From Visit Matsumoto: The open design of the Matsumoto Performing Arts Centre promotes flexibility and multipurpose use
Instead of being designed as one large static structure, the Centre was designed to be entirely modular in almost every respect. As a result, occupants can maximize their usage of the space. If different groups have different needs, the building can meet those needs without causing one group to compromise. This ability to dynamically respond to occupant needs is the chief benefit of flexible architecture, and architects are quickly embracing this unique approach to design.
Impressive Examples of Flexible Architecture
Ever since Kronenburg helped to turn the spotlight on flexible architecture, designers from around the world have been using the philosophy to create some amazing buildings. One of my favorites is the Serene House HCMC, a mixed-use development in Vietnam. Amazingly, it’s a prefabricated structure, and it features ample flexibility for occupants. Most of the furnishings are movable, and the design blends the inside and outside to encourage movement and a wide range of uses.
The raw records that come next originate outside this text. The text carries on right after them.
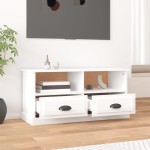 vidaXL Comodă TV, alb extralucios, 93x35,5x45 cm, lemn prelucrat vidaXL Comodă TV, alb extralucios, 93x35,5x45 cm, lemn prelucrat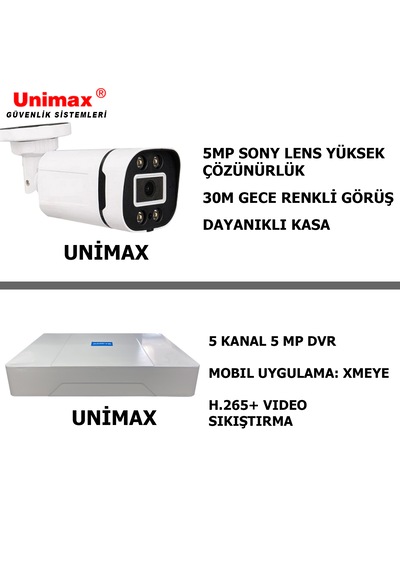 Unımax 5mp Sony Lens 6 Kameralı Güvenlik Seti 100m Kablo 30m Gece Görüş Xmeye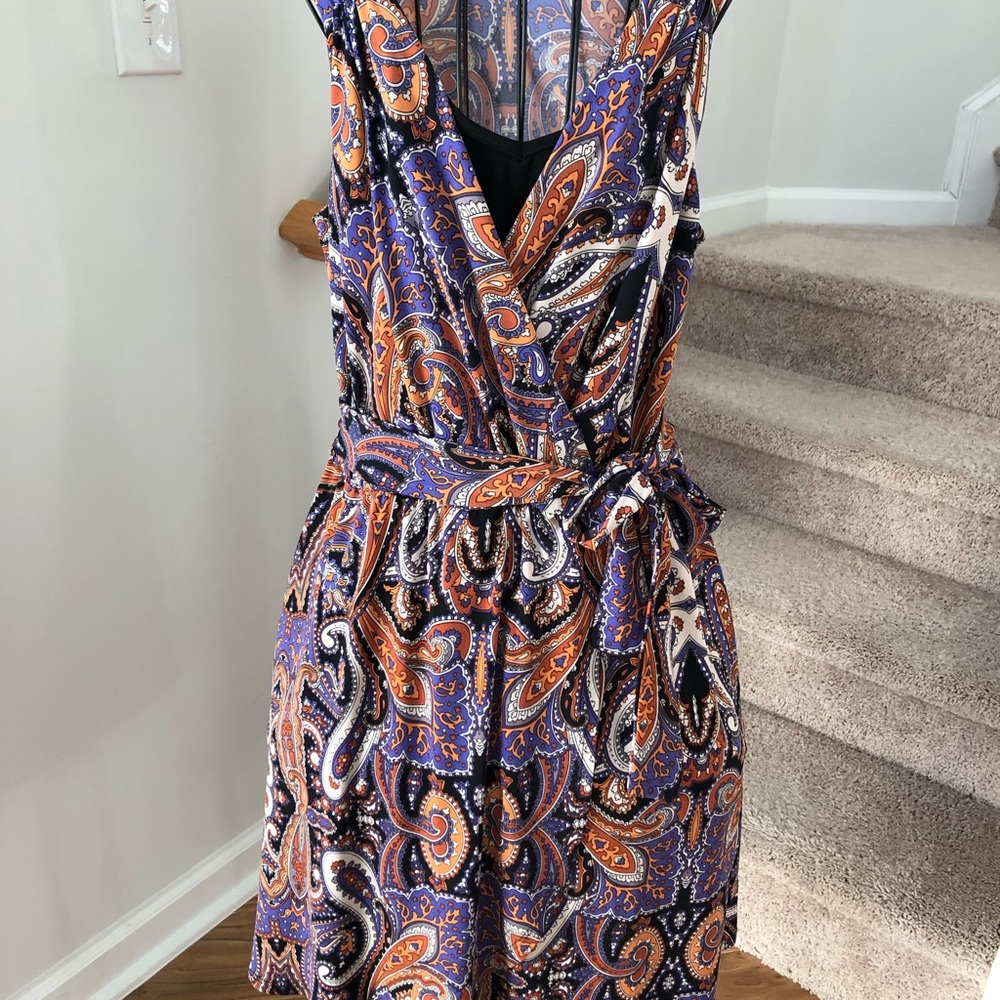 Paisley Rust and Purple Faux Wrap Dress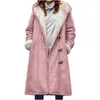 Women's Trench Coats Long Thick Plush Coat Suede Solid Color Horn Button Pocket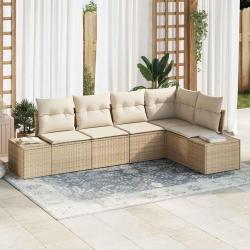 Ensemble de canap&eacute; de jardin 5 pcs Beige polyrotin
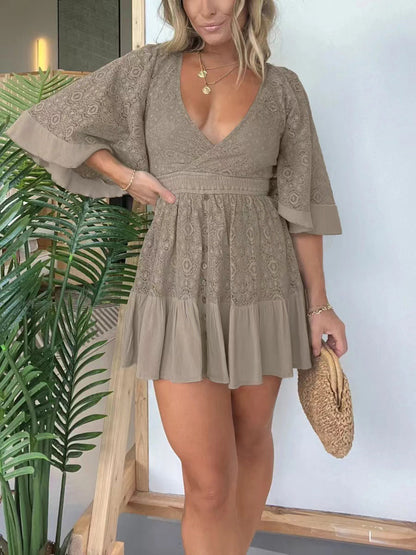 Open Back Lace Crochet Romper Dress--One-piece dress style, slimming and fitting, displays graceful figure!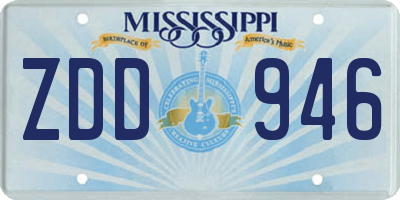 MS license plate ZDD946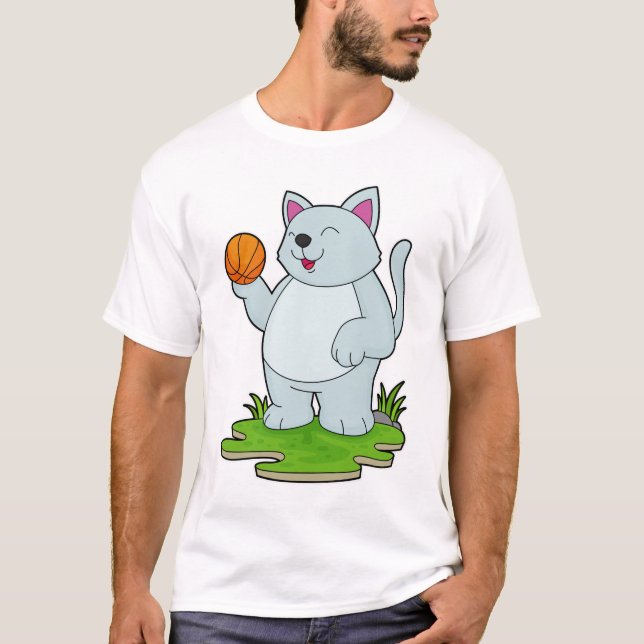 Camiseta Gato como jogador de basquetebol (Frente)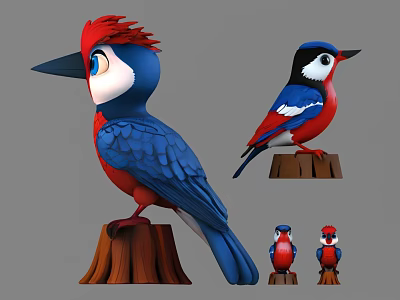 woodpecker bird 3d model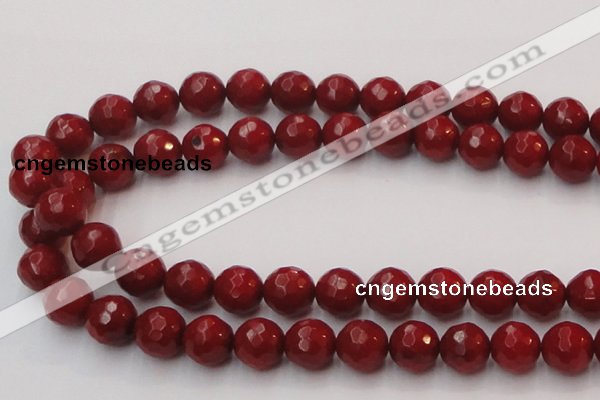 CCB125 15.5 inches 10mm faceted round red coral beads wholesale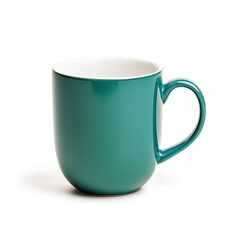 A simple teal mug with a smooth finish isolated on white background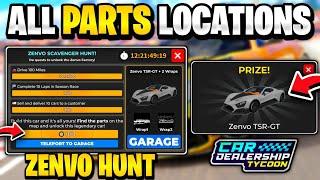 *REAL* ALL ZENVO PARTS LOCATIONS IN CAR DEALERSHIP TYCOON ZENVO SCAVENGER HUNT (ZENVO BARN FIND)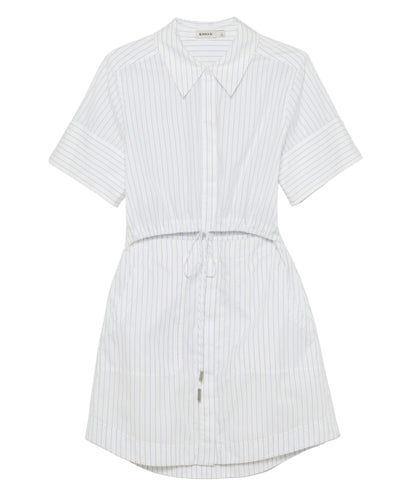 The Simkhai Marcy Cotton Mini Shirt Dress features short sleeves, thin vertical blue stripes, a drawstring waist, and button-up front. Shown laid flat on a white background.
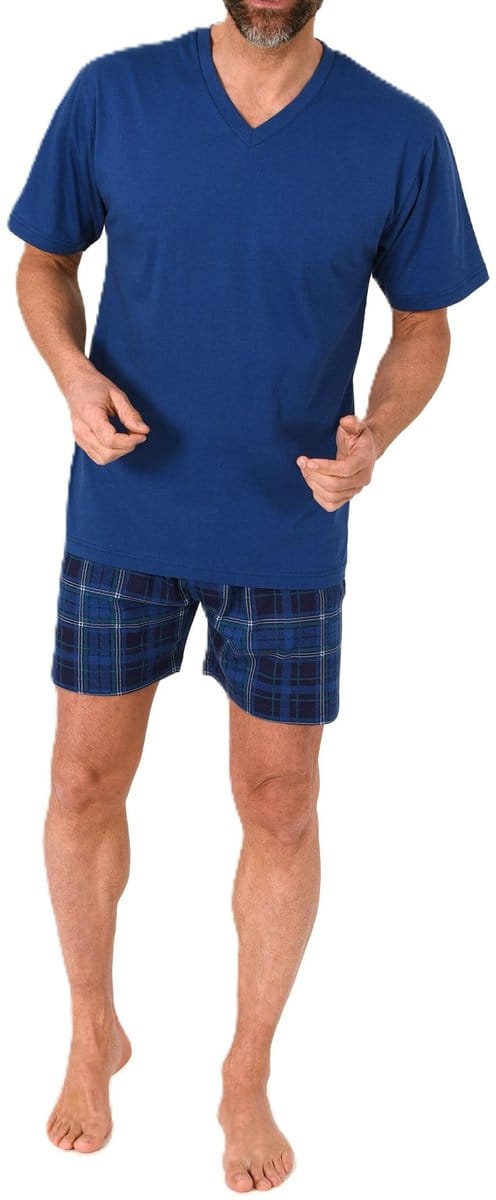 Normann herenpyjama shorty met korte jersey pyjamabroek in geruite look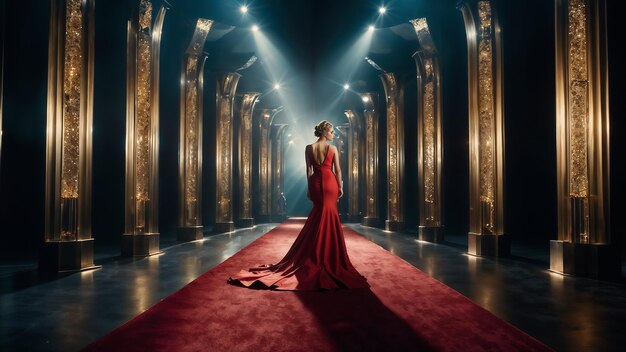 Woman in Red Dress Standing on Red Carpet Generative AI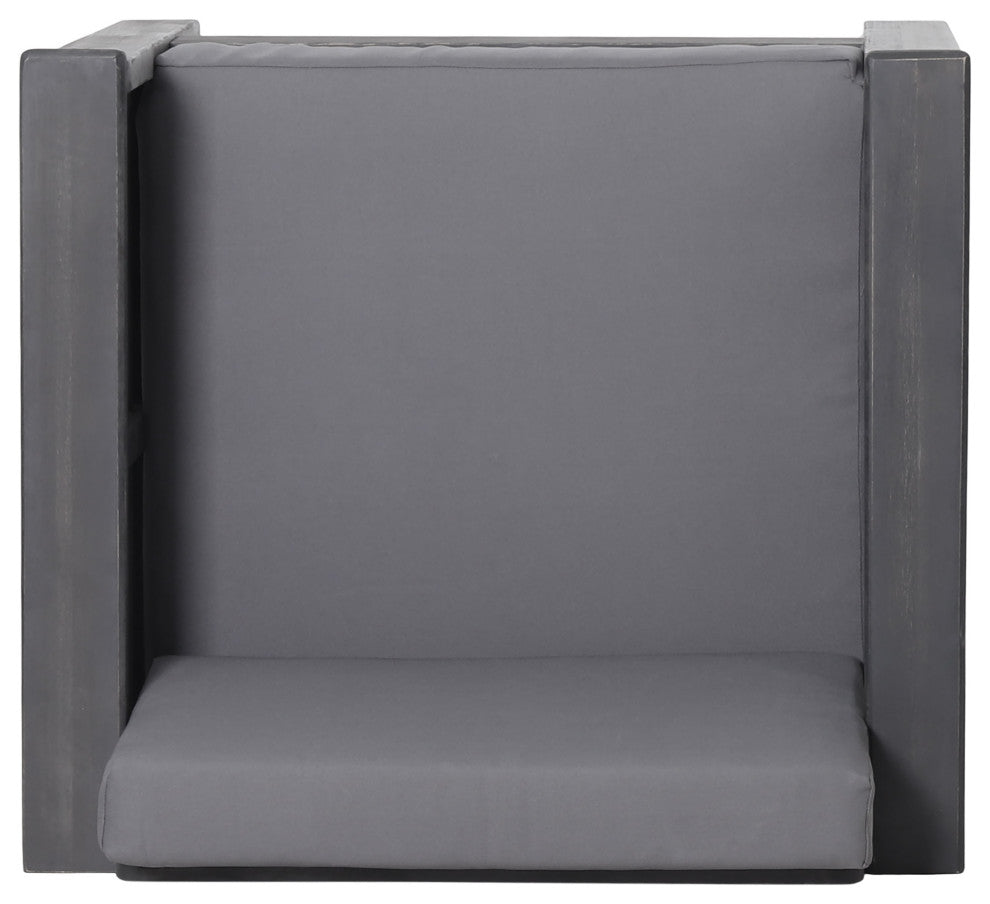 Rabun Outdoor Acacia Wood Club Chairs with Cushions, Dark Gray, Single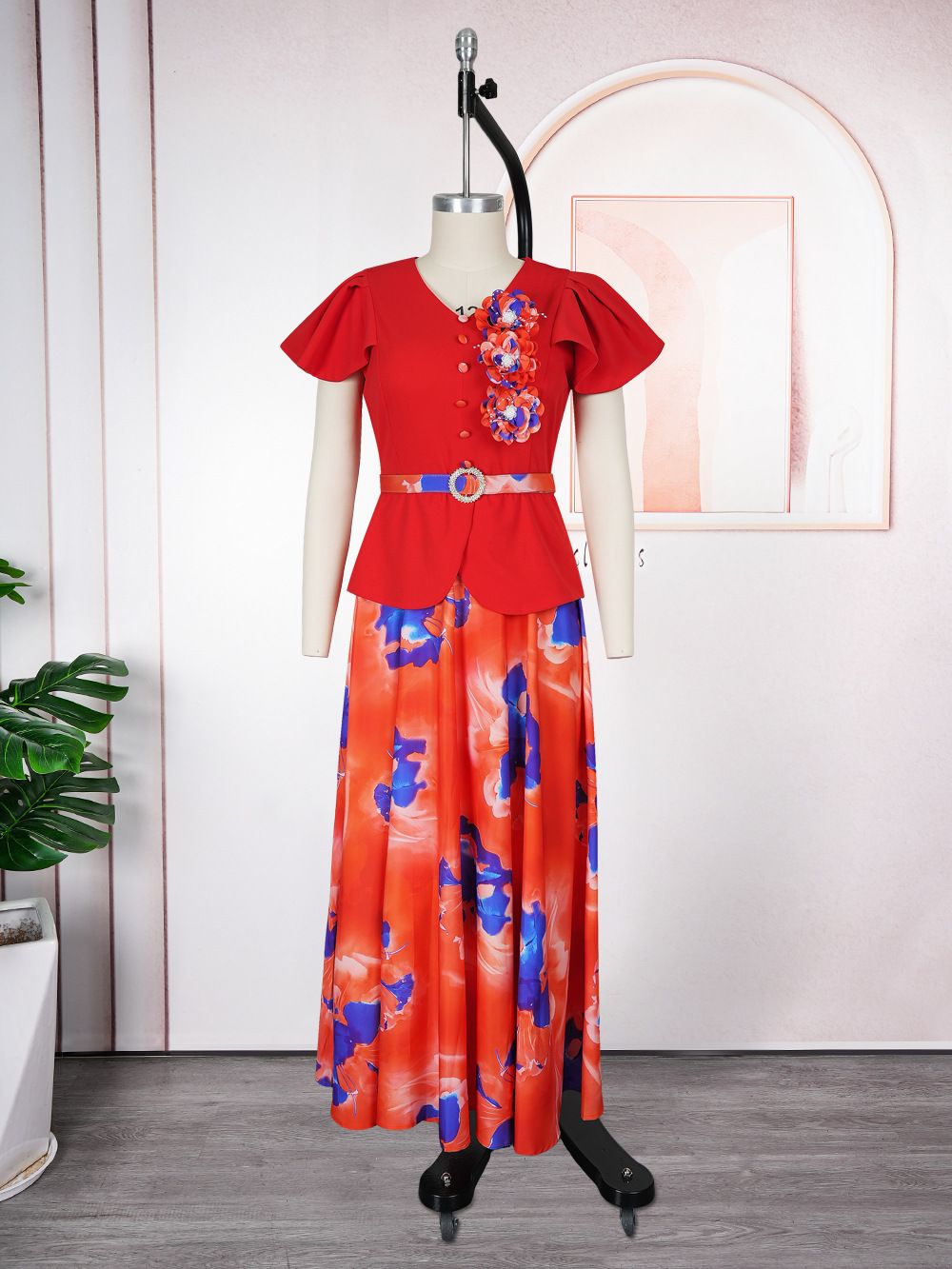 Paisley Print Button-Down A-Line Dress – Stylish Plus-Size Short Sleeve Dress For Women_ecoleips.com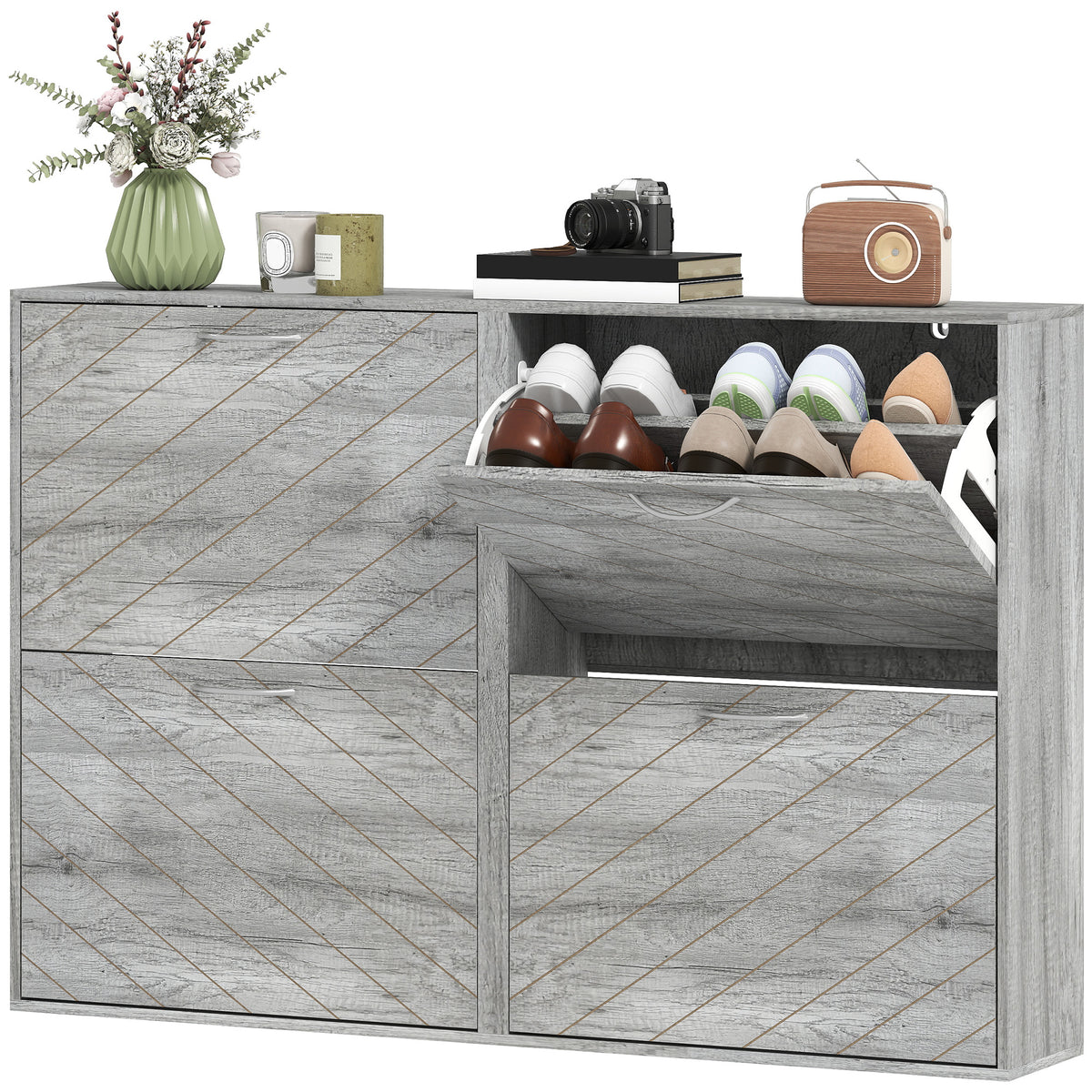 Shoe Storage Cabinet with 4 Flip Drawers – 46"W x 31"H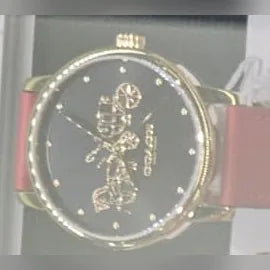 Coach Black carriage dial, red leather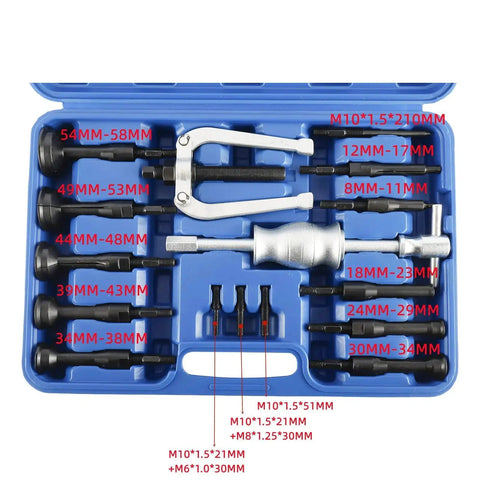 Blind Inner Bearing Race And Seal Puller Set with Slide Hammer Tool Kit in blue case showing various adapters and collets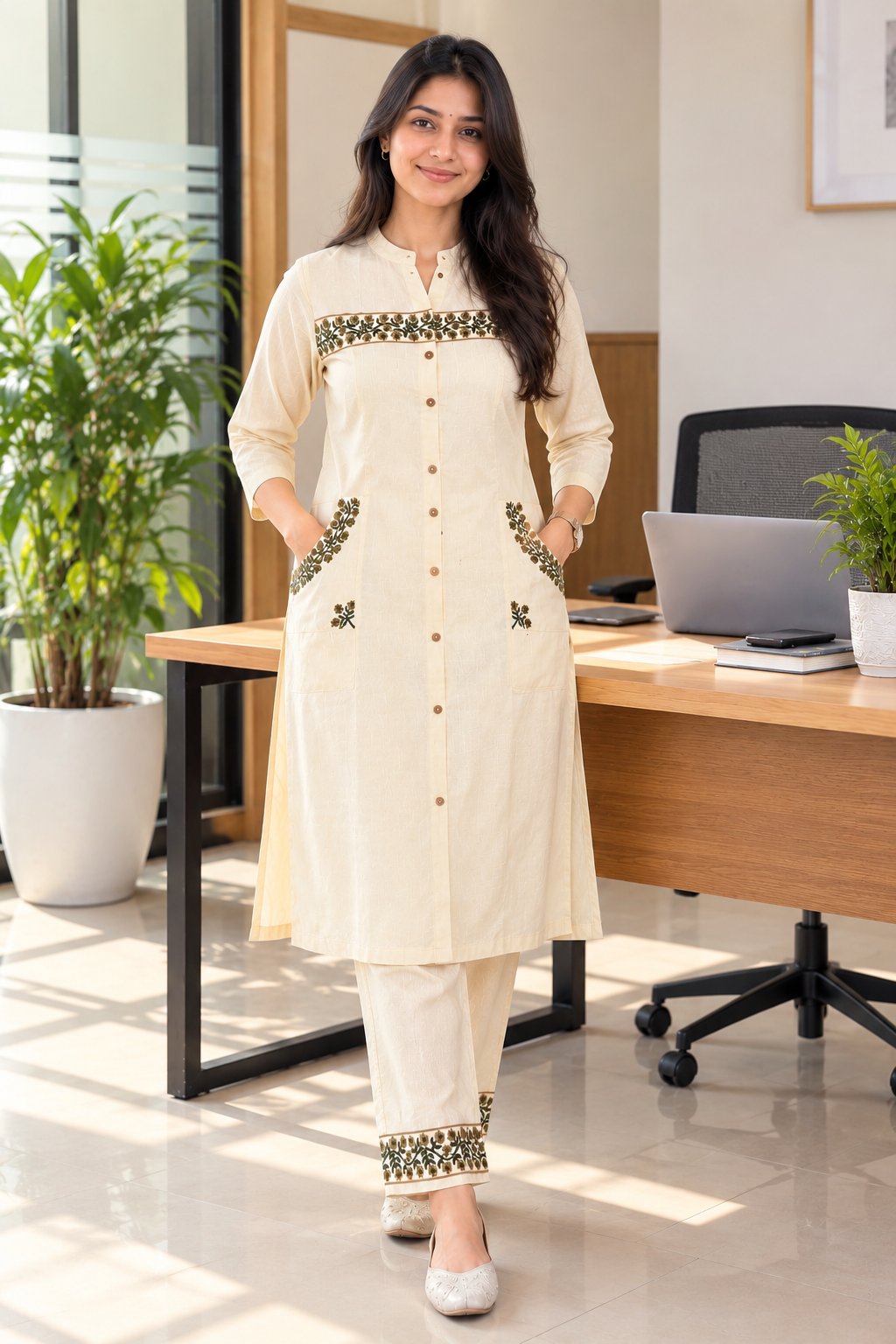 Cream Floral Embroidered Khadi Cotton Co-ord Set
It also implements biophilic design, which further improves the space.
From Inhabitat: The Serene House HCMC is a flexible prefab built for multipurpose use
In fact, it’s so flexible that it can be disassembled if needed: “We can easily break it up when our ten-year lease ends and move it to a new location for another serene house of our own.” This challenges the common notion of buildings as immovable structures and emphasizes the possibilities inherent in flexible architecture.
While flexible design is currently popular in residential spaces, it also has many promising implications for commercial environments, and some of these implications are already becoming realities. One notable example is the Babylon Beach Club, a Turkish restaurant that features a unique sliding wall system. The walls are retracted during the summer, and when colder weather arrives, the walls slide out to cover the dining area. This is a great case that demonstrates the power of flexible architecture, and the same idea can be applied to many spaces in all kinds of industries. This sort of technology could be used for mixed-use spaces, hotels, and even offices that have an outdoor component.
From Libart: This innovative sliding wall system provides seasonal flexibility
As the world changes and occupant needs evolve at an ever faster pace, the built environment must be designed with flexibility in mind. Architects and designers are challenged to meet and exceed these developing demands. Flexible architecture offers an effective solution to the challenges that face designers in this new era of the sharing, collaborative economy. By adopting an agile approach, they are creating truly innovative, configurable spaces that are fundamentally practical but pack a big wow.